Prinsip-Prinsip Klasik Untuk Mencapai Pendelegasian Yang Efektif
  • Prinsip Skalar

Menyatakan harus ada garis otoritas yang jelas yang menghubungkan tingkat paling tinggi dengan tingkat paling bawah. Garis otoritas yang jelas ini memudahkan anggota organisasi untuk megetahui kepada siapa dia dapat mendelegasikan, siapa yang dapat melimpahkan wewenang kepadanya, kepada siapa dia harus mempertanggungjawabkan tugasnya.
  • Prinsip kesatuan perintah (Unity of command)
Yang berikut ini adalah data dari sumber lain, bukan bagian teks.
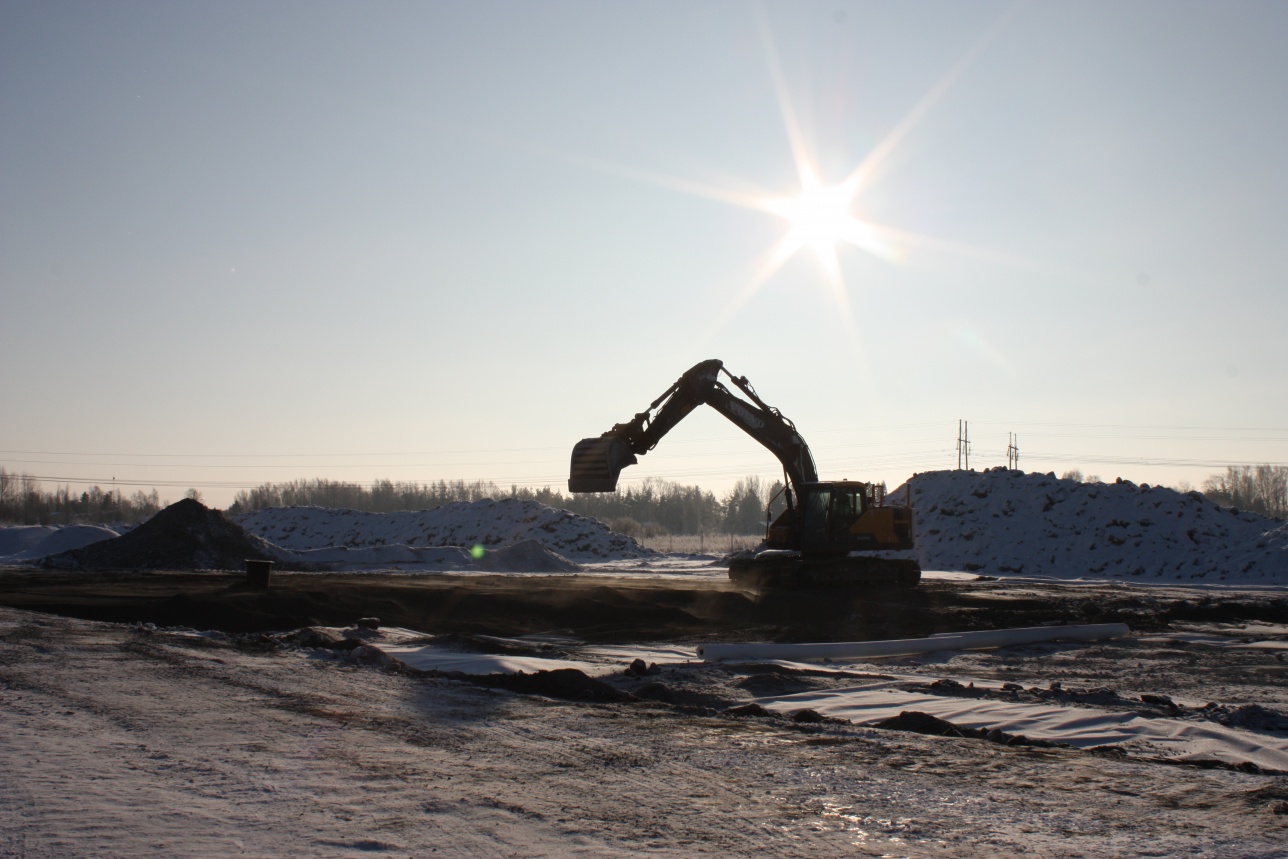 Traktori lumihangessa ja taustalla paistaa aurinko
Menyatakan setiap orang dalam organisasi harus melapor pada satu atasan. Melapor pada lebih dari satu orang akan menyulitkan seseorang untuk mengetahui kepada siapa ia harus bertanggung jawab dan perintah siapa yang harus diikuti. Bertanggung jawab kepada lebih dari satu atasan juga akan membuat bawahan dapat menghindari tanggungjawab atas pelaksanaan tugas yang jelek dengan alasan banyaknya tugas dari atasan lain.
  • Tanggungjawab, wewenang dan akuntabilitas

Tanggung jawab untuk tugas-tugas tertentu diberikan ketingkat organisasi paling bawah, ada cukup kemampuan dan informasi untuk menyelesaikannya agar tercapai efisiensi tugas. Untuk itu bagi orang yang menerima pelimpahan tugas harus diberi wewenang yang cukup, sehingga dia dapat mempertanggungjawabkan tugasnya pada atasan.
Pendelegasian Yang Gagal
  • Dari segi manajer
    • Manajer merasa berkurang haknya dalam memutuskan sesuatu.
    • Manajer tidak mau menghadapi resiko atas kegagalan tugas.
    • Manajer tidak percaya atas kamampuan bawahannya.
    • Manajer berpendapat bahwa bawahannya akan lebih senang bila dia tidak mempunyai hak pembuatan keputusan yang luas.
    • Manajer merasa terancam posisinya bila bawahannya yang menerima pelimpahan tugas dalam mengerjakannya lebih efektif.
    • Manajer tidak mempunyai kemampuan manajerial untuk mendelegasikan tugasnya.
  • Dari segi karyawan yang menerima
    • Menerima tambahan tanggung jawab dan akuntabilitas.
    • Perasaan akan membuat kesalahan dan menerima kritikan.